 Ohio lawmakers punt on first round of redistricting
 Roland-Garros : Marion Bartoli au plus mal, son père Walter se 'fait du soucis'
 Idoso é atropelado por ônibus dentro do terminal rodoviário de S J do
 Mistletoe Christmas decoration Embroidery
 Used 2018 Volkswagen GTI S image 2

...

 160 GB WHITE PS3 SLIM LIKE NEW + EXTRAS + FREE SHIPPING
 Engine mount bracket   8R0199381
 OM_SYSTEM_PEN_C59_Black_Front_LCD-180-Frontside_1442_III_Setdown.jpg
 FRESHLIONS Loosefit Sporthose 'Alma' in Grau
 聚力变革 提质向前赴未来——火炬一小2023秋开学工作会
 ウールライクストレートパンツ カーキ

» EXERCISE
Within the material above, output exactly the lines from the one with "Ohio lawmakers punt" through the one with "Used 2018 Volkswagen GTI S image 2", end lines included, and nothing besides.

» YOUR RESPONSE
 Ohio lawmakers punt on first round of redistricting
 Roland-Garros : Marion Bartoli au plus mal, son père Walter se 'fait du soucis'
 Idoso é atropelado por ônibus dentro do terminal rodoviário de S J do
 Mistletoe Christmas decoration Embroidery
 Used 2018 Volkswagen GTI S image 2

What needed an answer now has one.